Guild Wars taught me new terminology for people who quit teams: leavers. Leaving a team mid-mission was considered particularly rude there because the game provided no way to port in replacements, random or otherwise, which means that leavers could actually cause the entire mission to fail, and boy did that ever suck. Plus there was essentially no way to punish someone who screwed over a group that way. As Chris noted, game developers rarely prepare for this problem; sure, quitting might hurt your personal rating or lock you out of new matches for a set time period, but not every developer considers intervention and punishment a priority. They're usually more interested in getting people to play, not trying to lock them out.

But here's the flipside of this issue: Some gamers are so worried about not wanting to be seen as leavers that they never become joiners in the first place. Old school MMO players are forever lamenting the fact that everyone loves to solo in massively multiplayer games, but for the most part, people enjoy soloing specifically because it renders them free to come and go as they please. If they solo, they aren't disappointing or imposing on anyone if they have to log out in a hurry because they're bored or the baby pooped her diaper or their wife fell out of a treehouse (another actual quit excuse given to a group I was once in). It's not fair for the genre to tell people they have to group to be "playing MMOs right" but then berate them because now they're not grouping seriously enough. That just reinforces their suspicion that soloing was better all along.

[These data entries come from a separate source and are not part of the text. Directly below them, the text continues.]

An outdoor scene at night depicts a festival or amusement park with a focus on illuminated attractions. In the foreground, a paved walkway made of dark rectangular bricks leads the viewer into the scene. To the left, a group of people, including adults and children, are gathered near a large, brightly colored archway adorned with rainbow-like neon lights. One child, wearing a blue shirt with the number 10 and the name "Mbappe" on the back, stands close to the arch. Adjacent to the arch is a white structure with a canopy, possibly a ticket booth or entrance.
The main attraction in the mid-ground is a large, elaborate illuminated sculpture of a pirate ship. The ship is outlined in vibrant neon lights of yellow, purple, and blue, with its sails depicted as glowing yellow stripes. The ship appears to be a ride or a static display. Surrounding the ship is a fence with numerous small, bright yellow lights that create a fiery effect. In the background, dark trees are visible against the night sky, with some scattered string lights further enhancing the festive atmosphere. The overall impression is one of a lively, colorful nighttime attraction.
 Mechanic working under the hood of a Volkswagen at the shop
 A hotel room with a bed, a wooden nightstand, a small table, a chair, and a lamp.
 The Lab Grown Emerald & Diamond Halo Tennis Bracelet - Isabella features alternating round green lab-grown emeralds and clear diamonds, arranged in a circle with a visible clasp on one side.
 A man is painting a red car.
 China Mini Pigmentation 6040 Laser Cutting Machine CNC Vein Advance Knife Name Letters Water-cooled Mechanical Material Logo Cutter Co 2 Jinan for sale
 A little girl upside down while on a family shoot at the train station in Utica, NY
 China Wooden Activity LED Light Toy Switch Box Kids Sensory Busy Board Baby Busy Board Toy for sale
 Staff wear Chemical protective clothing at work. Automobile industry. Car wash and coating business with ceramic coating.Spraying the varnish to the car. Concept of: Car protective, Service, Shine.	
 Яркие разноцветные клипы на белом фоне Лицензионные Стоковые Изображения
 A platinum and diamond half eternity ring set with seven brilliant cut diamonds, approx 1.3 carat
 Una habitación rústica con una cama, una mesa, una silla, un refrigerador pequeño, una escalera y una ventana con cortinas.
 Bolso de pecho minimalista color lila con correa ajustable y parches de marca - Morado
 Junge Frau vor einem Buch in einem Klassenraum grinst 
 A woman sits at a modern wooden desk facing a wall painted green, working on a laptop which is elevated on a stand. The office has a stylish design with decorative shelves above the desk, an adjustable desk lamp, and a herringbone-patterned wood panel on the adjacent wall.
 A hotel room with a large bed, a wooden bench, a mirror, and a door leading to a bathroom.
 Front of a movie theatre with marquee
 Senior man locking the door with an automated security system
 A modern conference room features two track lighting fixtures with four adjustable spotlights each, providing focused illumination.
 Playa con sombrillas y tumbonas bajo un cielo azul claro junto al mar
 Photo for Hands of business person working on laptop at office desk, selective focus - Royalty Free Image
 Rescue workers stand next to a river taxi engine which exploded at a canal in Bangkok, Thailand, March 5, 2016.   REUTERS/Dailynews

So here's what I think you should do. You cannot control what other people do or how they approach their gaming, but you can control yourself, and you can control whom you game with. If you want to play hardcore, you've got to play with likeminded people. Play MOBAs in leagues. Own battlegrounds in pre-mades. Run raids with guildies. Play with serious people who take the game as seriously as you do. Don't play games that force you to group with randoms or put you at the mercy of people who don't care about the game and won't commit the way you want them to.

That's my take, anyway. It's hard to top more colorful explanations of this phenomenon.

What should you play? Where is the MMO industry headed? How does Massively operate? Has Lord British lost his marbles? Why is the edit button on a timer? Should "monoclegate" be hyphenated? Editor-in-Chief Bree Royce submits to your interrogations right here in Ask Massively every other Friday. Drop your questions in the comments below or ping us at ask@massively.com. Just ask!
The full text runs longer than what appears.